Journey to Safety: The Making of Tears of the Sun: Filled with cast and crew interviews as well as some background on the story, this is a 15-minute long studio featurette that contains the basic elements of any such thing: actors praising each others, actors praising the director, actors talking about how touched they are by African wars, director praising actors, director talking about how touched he is touched by African wars and so on and so forth. *yawn*.

Voices of Africa: This is actually pretty original. This feature contains eight quick interviews with Africans from different countries talking about the way war has affected them or their families. Infinitely more effective than the film itself in conveying the message.

Deleted Scenes: Eight deleted scenes with various degrees of relevance to the movie. None of them will really make you wish they'd been left in, but as with most deleted scenes on any DVD, they're addictive to watch for some reason.
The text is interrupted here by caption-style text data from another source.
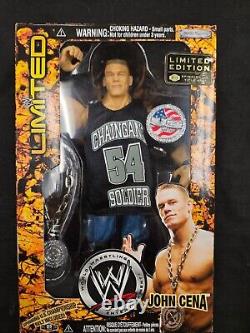 Jakks WWE John Cena Édition Limitée US Spinner Titre TRÈS RARE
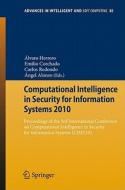 Computational Intelligence in Security for Information Systems 2010 edito da Springer-Verlag GmbH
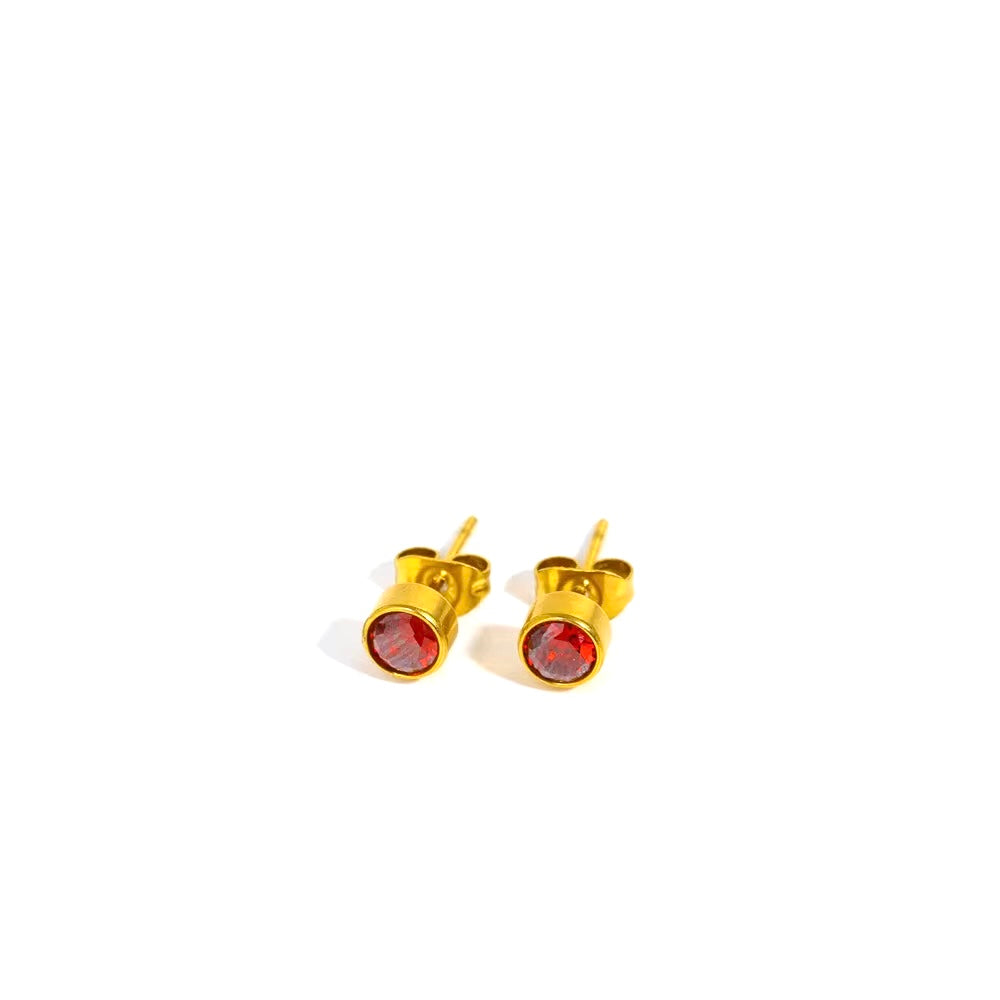 January Garnet Earing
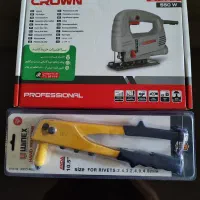 اره عمود بر crown 5212 و پرچ winex 2525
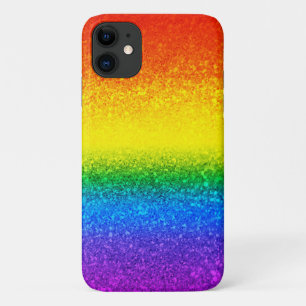 Capa Para iPhone 11 Grelha LGBT Glitter Strikles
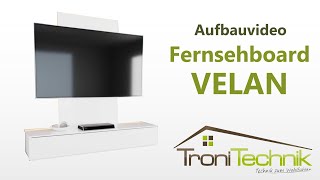 Aufbauvideo Fernsehboard  TV Lowboard VELAN [upl. by Anyah]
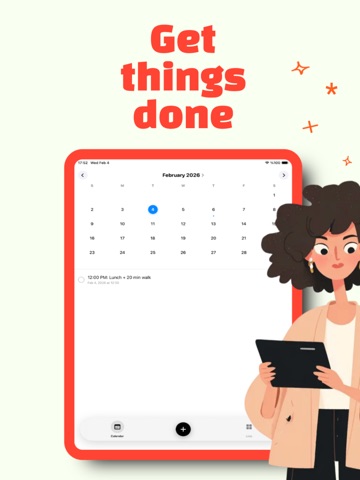 HushTask: To Do List & Planner iPad screenshot
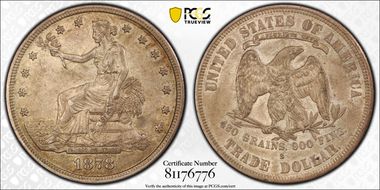 1878-S T$1 Trade AU58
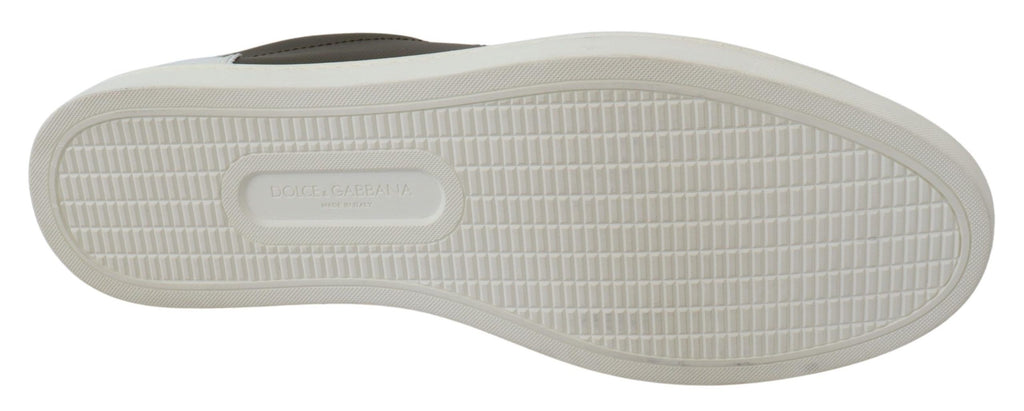 Weiße Grüne Leder Low Top Sneaker Schuhe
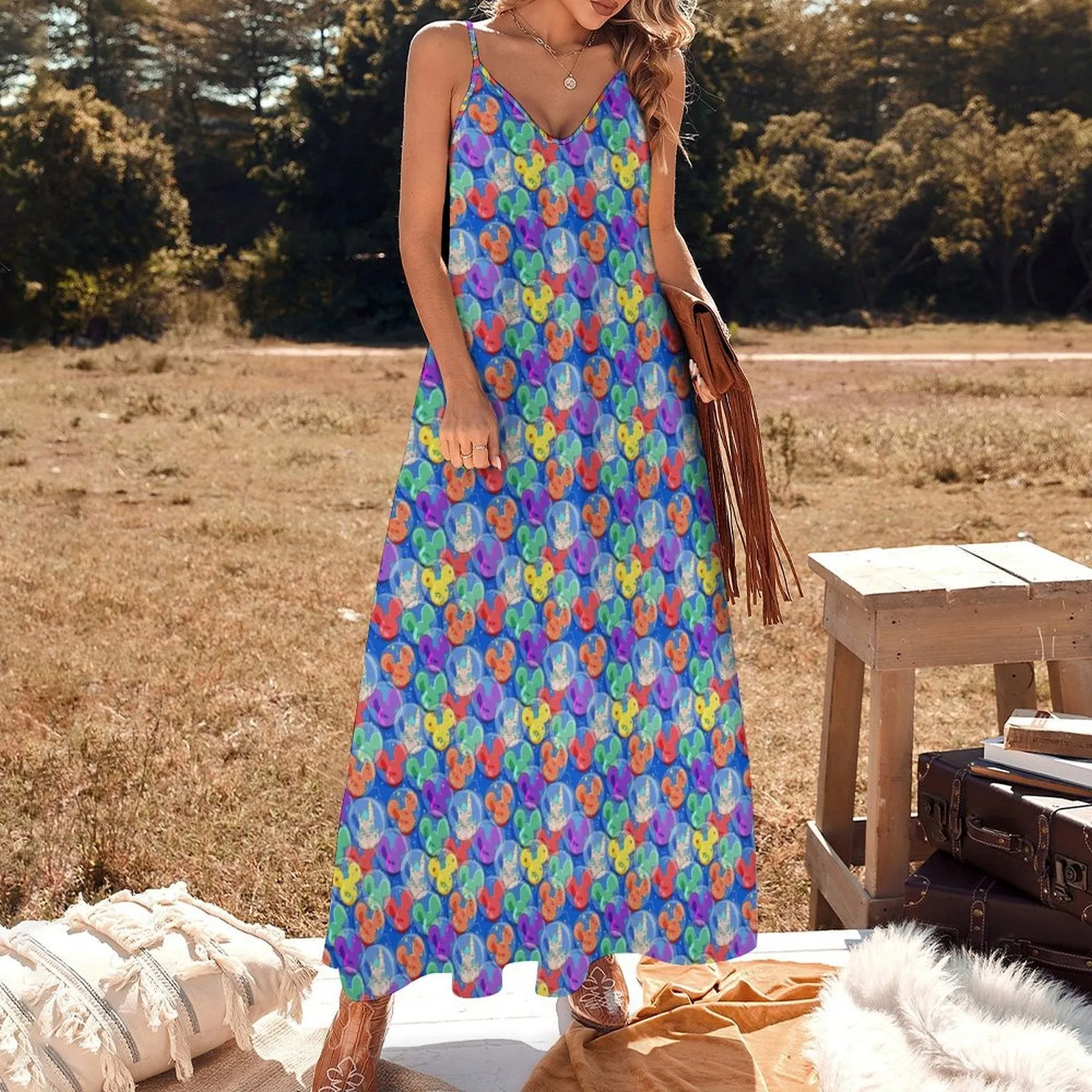 Balloon Collector Women's Summer Slip Long Dress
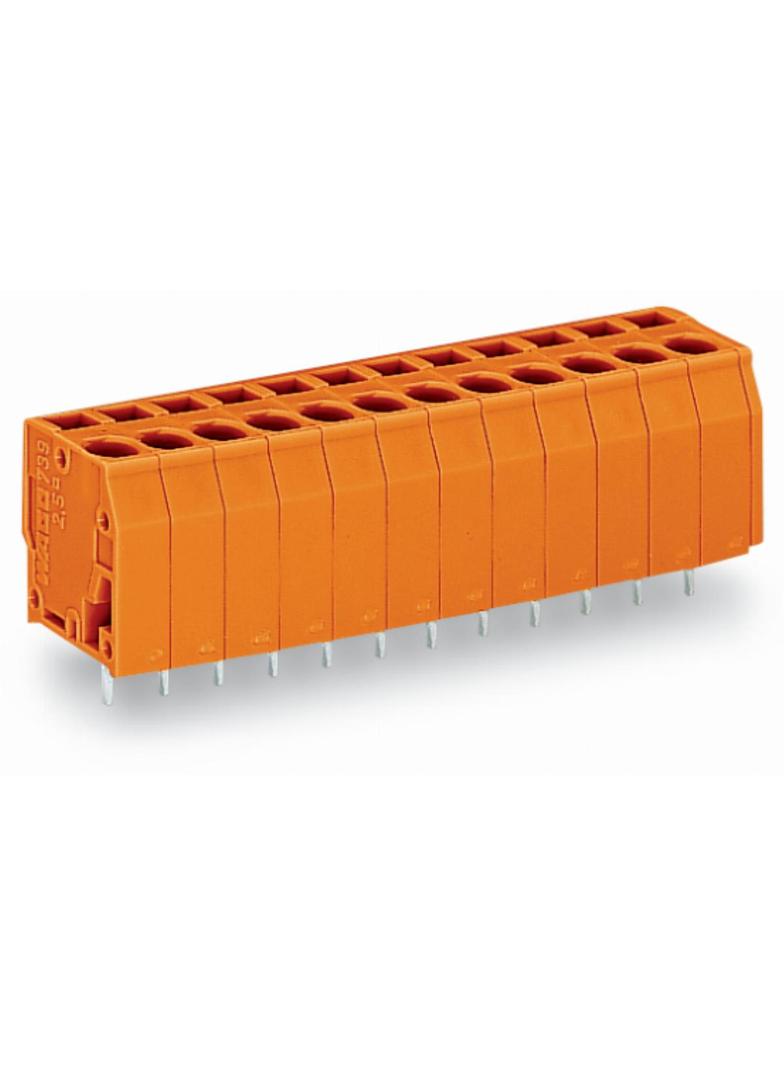 listwa zaciskowa do pł. drukowanych 9-bieg. pomarańczowa raster 5,08 mm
Interactive Map of Africa: Here's yet another feature on this DVD aimed at convincing you that this film will awaken one and all to the horrors of the continent. Here's yet another feature on this DVD that fails at convincing you that this film will awaken one and all to the horrors of the continent. It's a map of Africa out of which you can select certain regions in order to get more info about the troubles going on there. For those who rely on DVD features to get their updates about current world affairs, it might strike a chord. For the rest, it won't.

The trailer is also included.
A piece of fluff masquerading as a deep story about African tribal warfare, TEARS OF THE SUN in nonetheless an action-packed film that has a pretty explosive conclusion despite a slow-ish start. Not really worth buying, but worth a look at the rental shoppe on a stay-at-home evening.